To determine whether the changes in serum let-7a and IL-6 levels in the early stage of radiotherapy were associated with tumor regression after radiotherapy, we collected serum samples from 27 out of the 70 patients on the 7th day after radiotherapy initiation, when patients had received 10 Gy of radiotherapy. The percentage decrease in serum let-7a levels and the percentage increase in serum IL-6 were inversely correlated with tumor regression (Fig. 6G, H).
Discussion
Tumor heterogeneity drives resistance to radiotherapy since pre-existing resistant cancer cells survive and further develop, ultimately causing cancer relapse [5]. The present study revealed a more complex picture of the contribution of tumor heterogeneity to radiosensitivity. We found that mutual communication between radiosensitive and radioresistant esophageal cancer cells modulates their radiosensitivity. Specifically, radiosensitive cells increase the radiosensitivity of radioresistant cells, while radioresistant cells decrease the radiosensitivity of radiosensitive cells. Mechanistically, radiosensitive cells secrete more exosomal let-7a and fewer IL-6 than radioresistant cells. The exosomal let-7a secreted by radiosensitive cells could be taken up by radioresistant cells to increase their radiosensitivity. In contrast, IL-6 secreted by radioresistant cells decreased the radiosensitivity of radiosensitive cells. These findings have implications for cancer therapies. That is, the surgical removal of radioresistant tumor cells might increase the radiosensitivity of residual tumor cells, while the surgical removal of radiosensitive tumor cells might reduce the radiosensitivity of residual tumor cells. Moreover, the administration of a let-7a mimic and an anti-IL-6 antibody has the potential to modulate the communication between radioresistant and radiosensitive cells and enhance the efficacy of radiotherapy for esophageal cancer.
The identification of biomarkers that can be used to predict the response to radiotherapy and prognosis of patients with cancer might facilitate the development of a treatment plan. Although the low expression of let-7a in esophageal cancer tissues is associated with a poor prognosis, neither the levels of let-7a in esophageal cancer tissues nor in serum before radiotherapy differed significantly between patients with the radiosensitive and radioresistant disease. However, radiotherapy resulted in a more prominent decline in serum let-7a levels in patients with radioresistant esophageal cancer than in those with radiosensitive disease. The percentage decrease in serum let-7a levels at the early stage of radiotherapy was inversely associated with tumor regression after radiotherapy. Accumulating evidence has indicated that IL-6, a target of let-7a, confers radioresistance to different types of cancers and that serum IL-6 levels can be used to predict treatment responses and outcomes for patients with esophageal squamous cell carcinoma [25,26,27, 30,31,32]. Although neither IL-6 mRNA levels in tumor tissues nor basal serum IL-6 levels correlated with sensitivity to radiotherapy in esophageal cancer patients, the percentage increase in serum IL-6 levels after radiotherapy was inversely correlated with tumor regression. These findings suggest that changes in the serum levels of let-7a and IL-6 during the early stages of radiotherapy can be used as a predictive biomarker for the response to radiotherapy.

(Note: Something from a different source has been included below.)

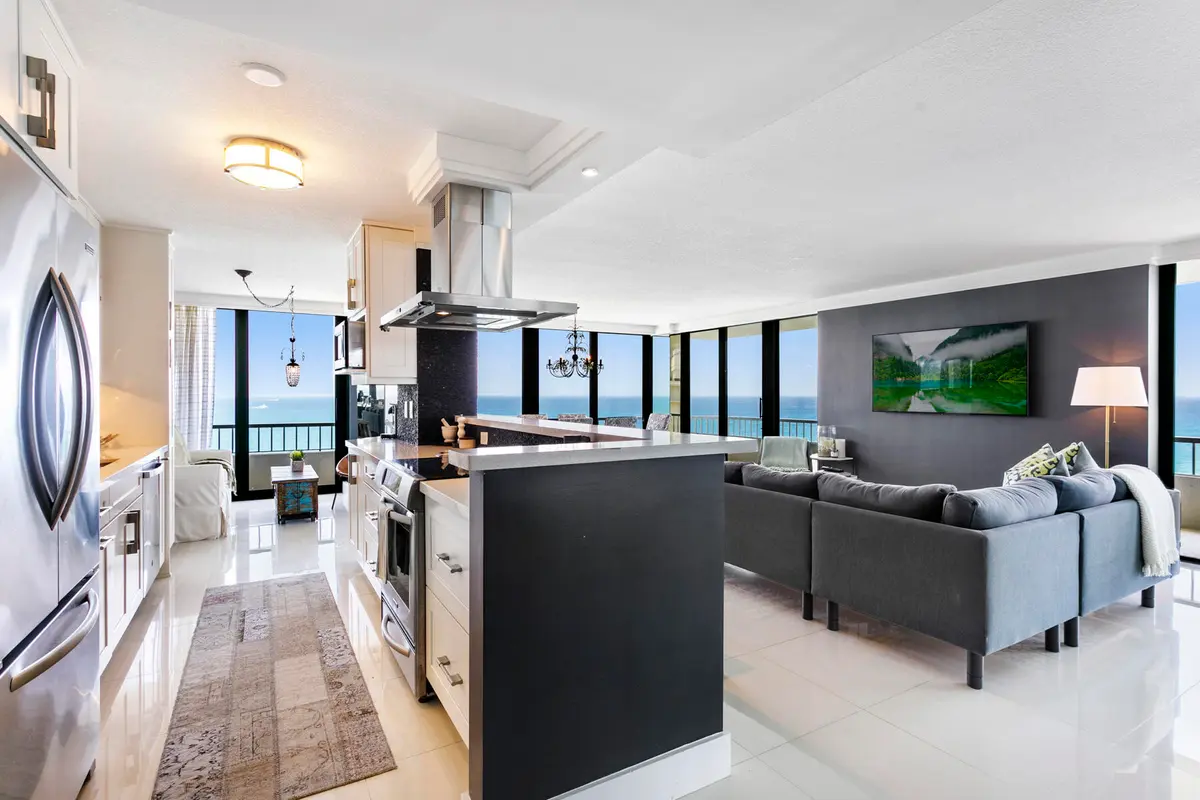 Kitchen-Living room open floor plan at 5510 N Ocean Drive 12a, Singer Island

We also found that radiation led to let-7a downregulation and Dicer and IL-6 upregulation. IL-6, let-7a, and Dicer mutually regulate each other’s expression via the following mechanisms. First, let-7a binds to the 3′-UTRs of Dicer and IL-6, inhibiting their expression [18, 26]. Therefore, let-7a downregulation increases Dicer and IL-6 expression. Second, Dicer upregulation increases the processing of pre-let-7a into mature let-7a, thereby preventing further let-7a downregulation following radiotherapy. Third, IL-6 triggers Dicer for proteasomal degradation [33]. As a result, IL-6 upregulation may indirectly repress pre-let-7a processing by downregulating Dicer expression. Finally, several miRNAs can regulate IL-6 expression [34], which suggests that Dicer may also indirectly regulate IL-6 expression via these miRNAs.

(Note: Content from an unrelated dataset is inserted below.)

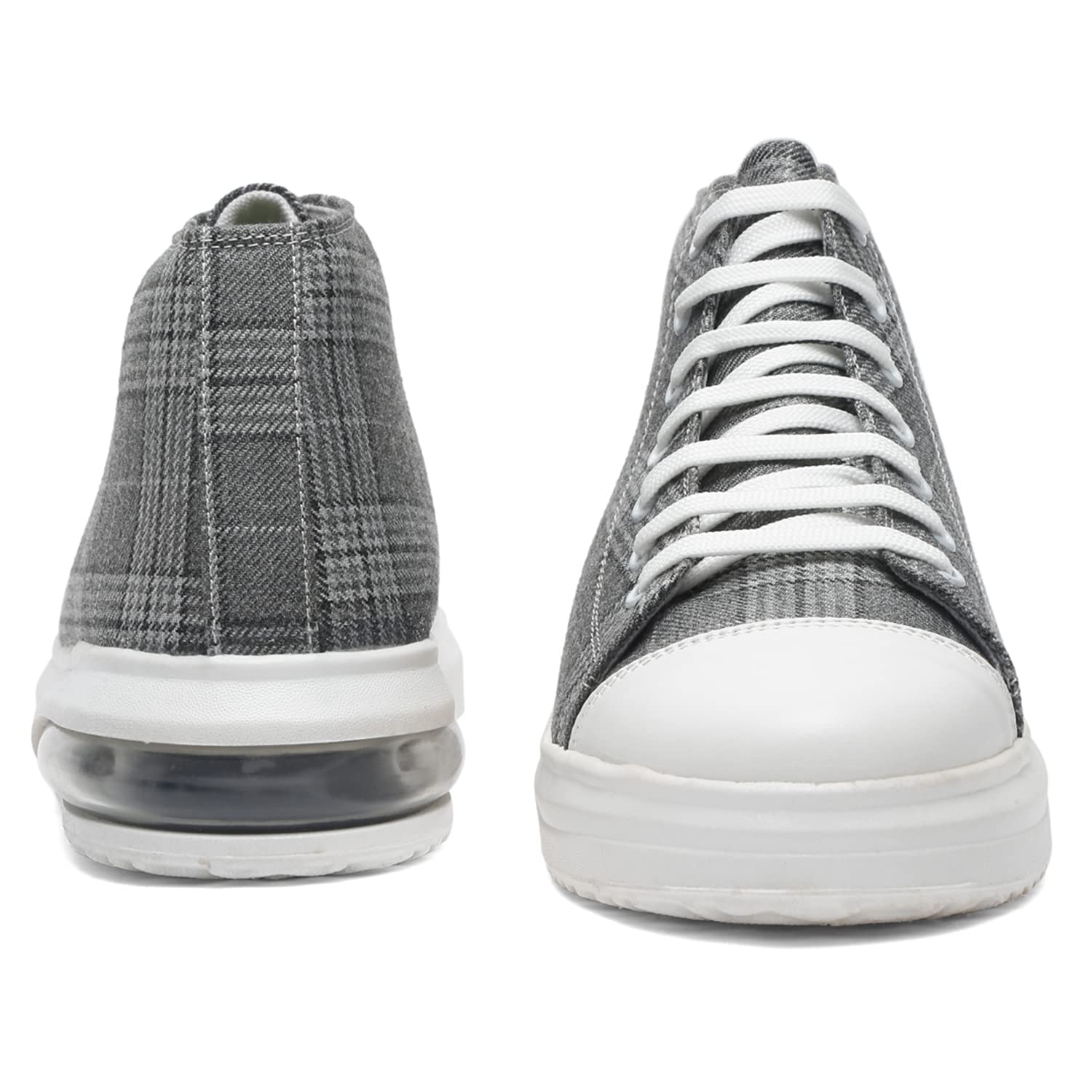 **MUTAQINOTI Men's Lightweight Canvas Sneakers - Lava Grey Checkered Casual Shoes for Running, Walking, Office & Dancing | Breathable & Comfortable for Daily Wear**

Dicer is required for DNA repair and decreased Dicer expression increases the susceptibility of cancer cells to DNA-damaging treatment, while increased Dicer expression leads to increased resistance to such treatment [19,20,21, 35]. Here, we found that radiation-induced less DNA damage in cells expressing higher levels of Dicer than in cells expressing lower levels of Dicer. These observations reveal that radiation-induced Dicer upregulation causes radioresistance by increasing DNA repair. Moreover, a substantial number of miRNAs are reported to positively or negatively participate in DNA repair [36]. Therefore, Dicer upregulation may affect radiosensitivity by regulating the expression of these miRNAs. Furthermore, radiotherapy induces metabolic reprogramming, which affects DNA repair and radiosensitivity [37, 38]. Dicer upregulation may affect radiosensitivity via reprogramming the metabolic status in cancer cells via different miRNAs [39,40,41].

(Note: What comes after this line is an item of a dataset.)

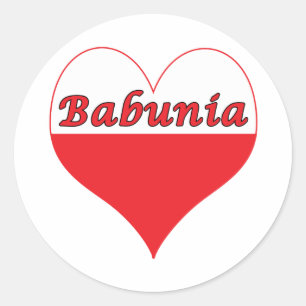 Adesivo Redondo Babunia Polonês Heart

In summary, we demonstrated that let-7a, and its target IL-6, mediate mutual communication between radiosensitive and radioresistant esophageal cancer cells, and this cell–cell communication modulates the radiosensitivity of both cell types. Moreover, we found that radiotherapy downregulates let-7a expression in esophageal cancer cells and that decreased let-7a expression leads to increased Dicer and IL-6 expression, thereby reducing the sensitivity of esophageal cancer cells to radiotherapy. Interestingly, the percentage decrease in serum let-7a levels and the percentage increase in serum IL-6 levels during the early stage of radiotherapy were inversely associated with tumor regression after radiotherapy, suggesting that the treatment plan for esophageal cancer can be adjusted according to alterations in serum let-7a and IL-6 levels during the early stage of radiotherapy.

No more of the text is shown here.